Problem to solve: Print exactly the lines of the listing below from the one containing "Correa corta o" through the final line, both included, and no pictures.

Available data:
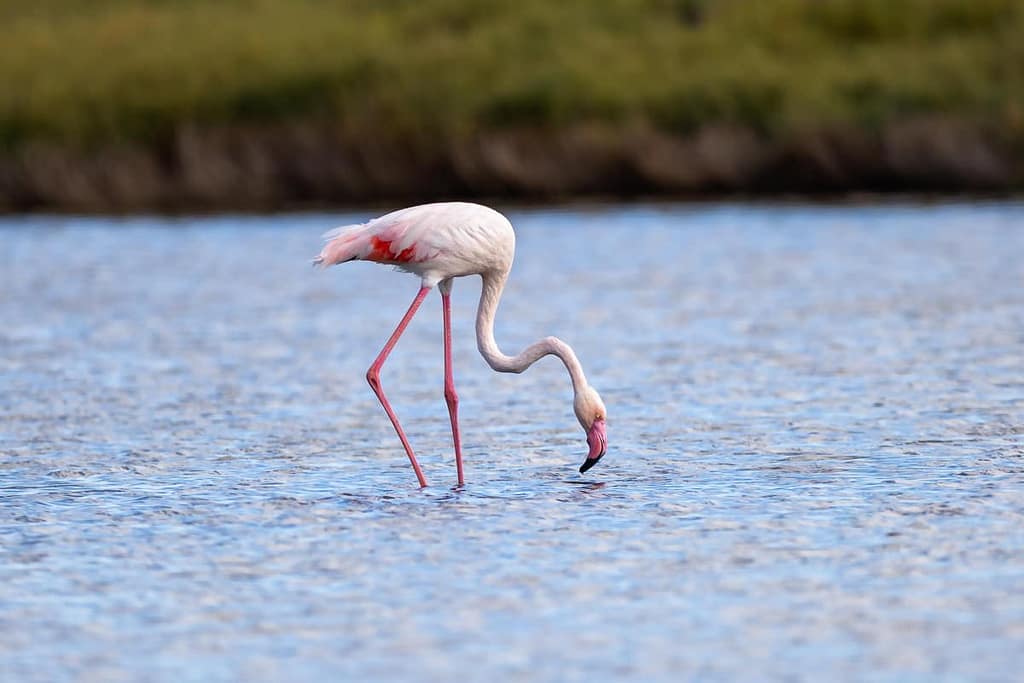Phoenicopterus roseus, Flamingo
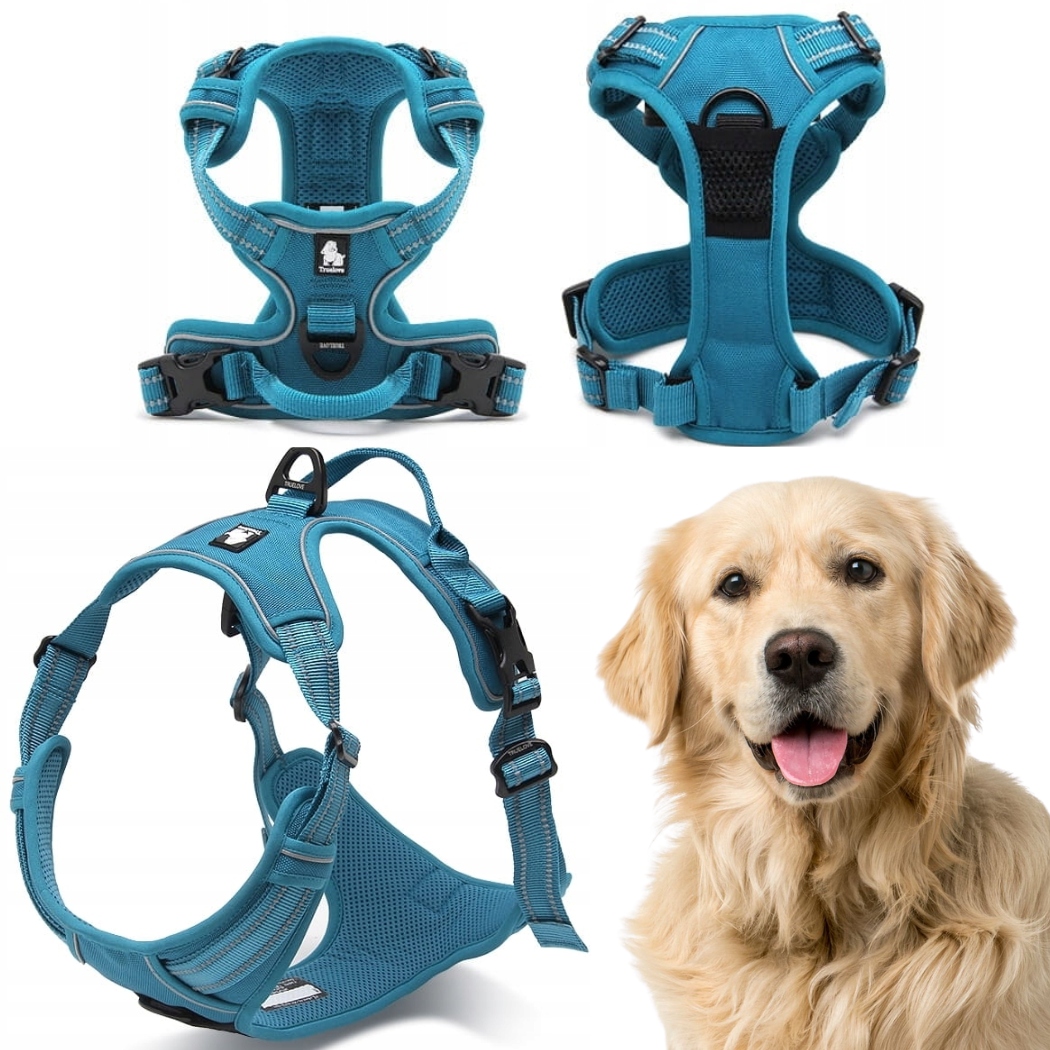 Levně Obojky Pro Psa Truelove Easy Walk Silné Odolné Reflexní Modré XL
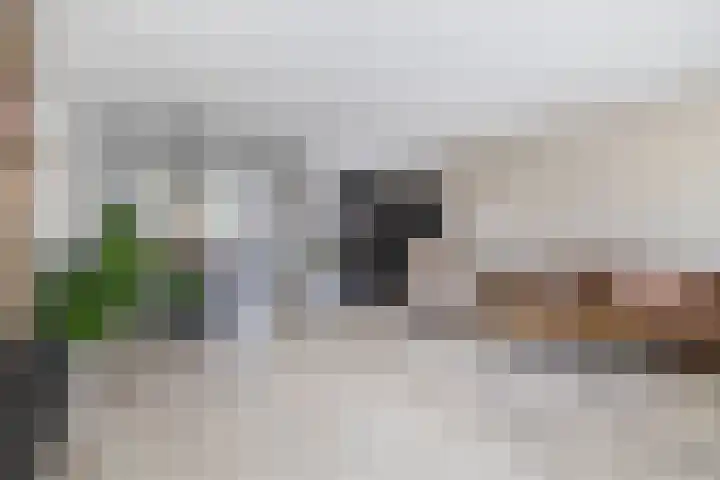 Bovenas 10 Moerkapelle thumbnail 10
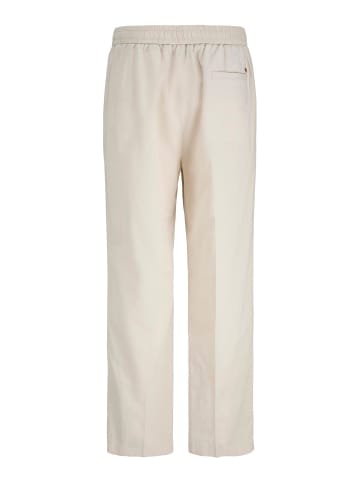 Jack & Jones Klassische Hosen in Feather Gray
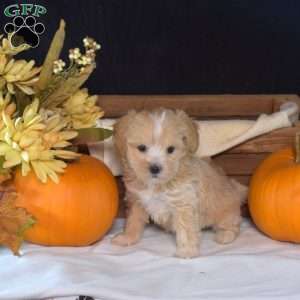 Zoey, Maltipoo Puppy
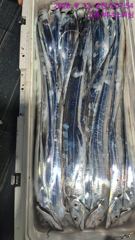 [고흥,녹동] 먼바다갈치 씨알이 극과극 사진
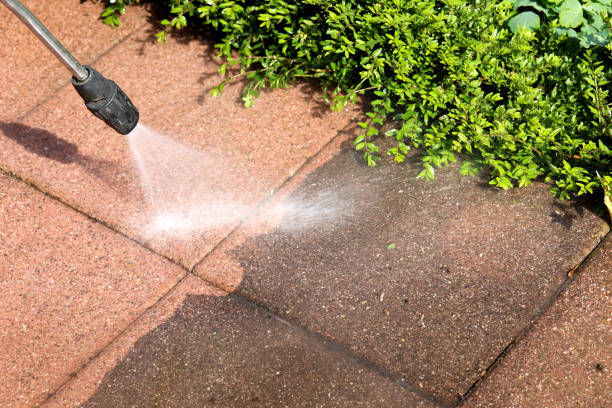 Best House Pressure Washing  in Dawson, TX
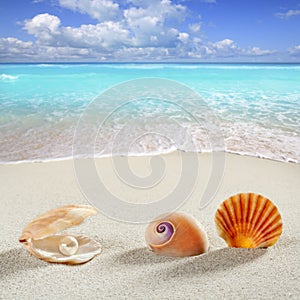 Beach summer vacation background shell pearl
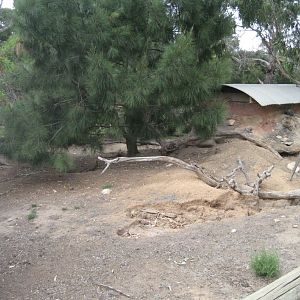 Wombat enclosure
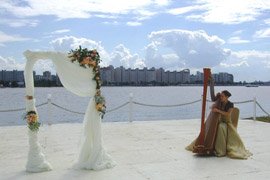 Арфа на свадьбу в Санкт-Петербурге фото 4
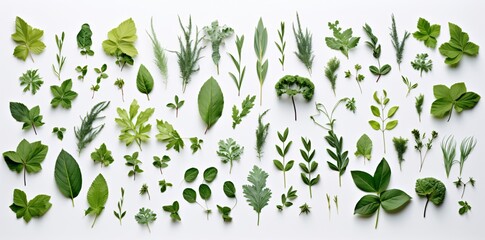 Various Green Leaves and Herbs on White Background
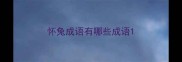 怀兔成语有哪些成语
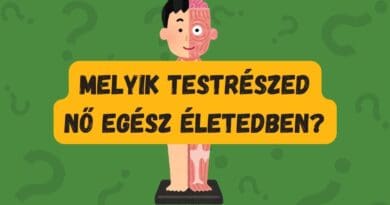 napi kvíz testrész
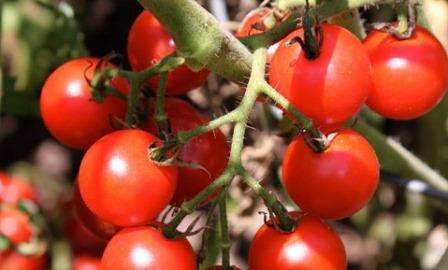 Какие сорта помидор подходят для теплиц из поликарбоната? Фото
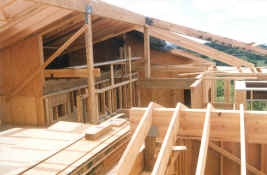 attic level roof framing- from East.jpg (1071798 bytes)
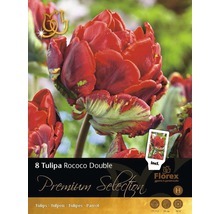 Pachet cu opt bulbi de lalele Tulipa Rococo Double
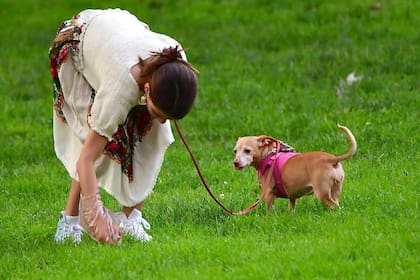 Correa corta o correa larga: cuál es la más conveniente para pasear a un perro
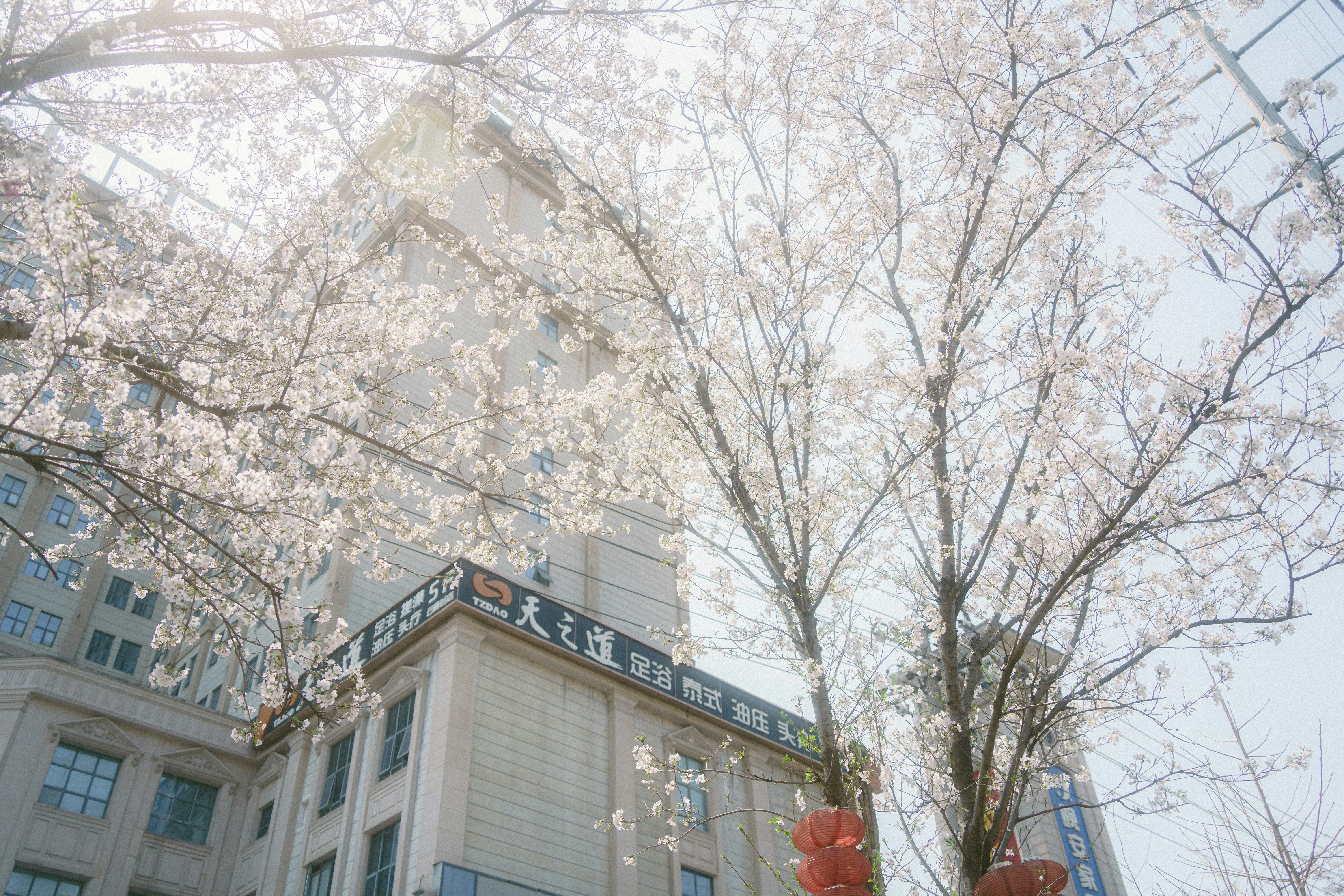 Photo by xiexianghua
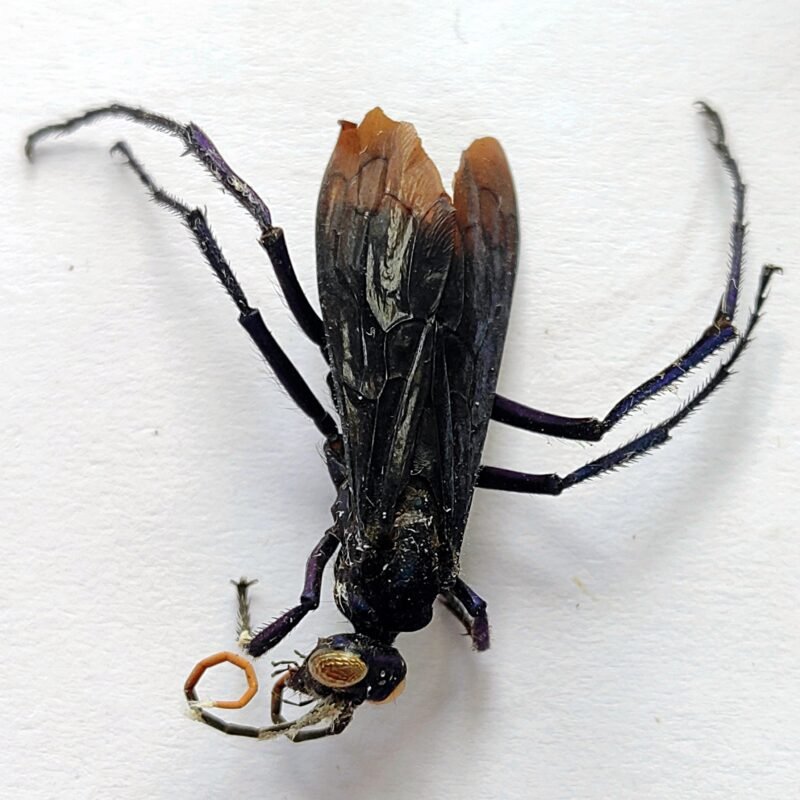 3 Vespidae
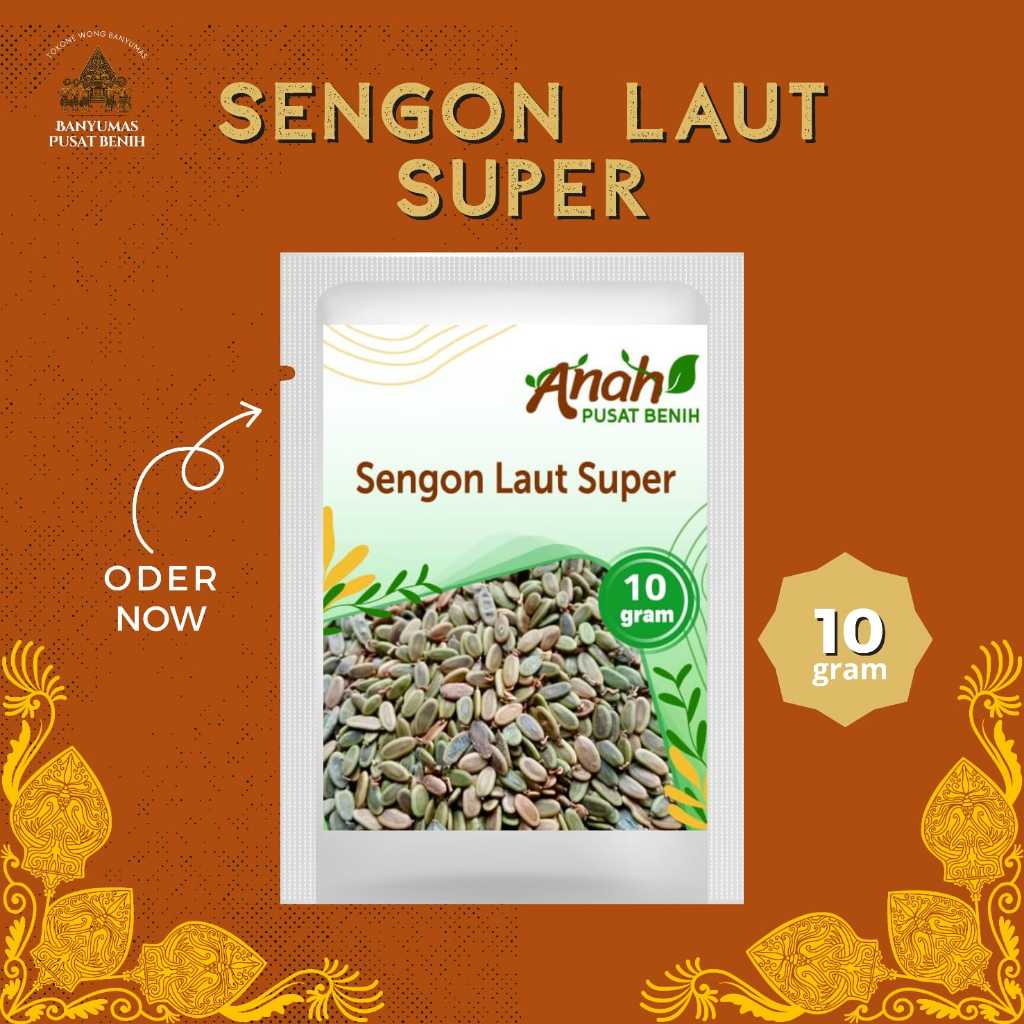 Benih sengon laut super 10 gram / bibit  pohon sengon laut / banyumas pusat benih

Your response:
 Correa corta o correa larga: cuál es la más conveniente para pasear a un perro
 Photo by xiexianghua
 3 Vespidae
 Benih sengon laut super 10 gram / bibit  pohon sengon laut / banyumas pusat benih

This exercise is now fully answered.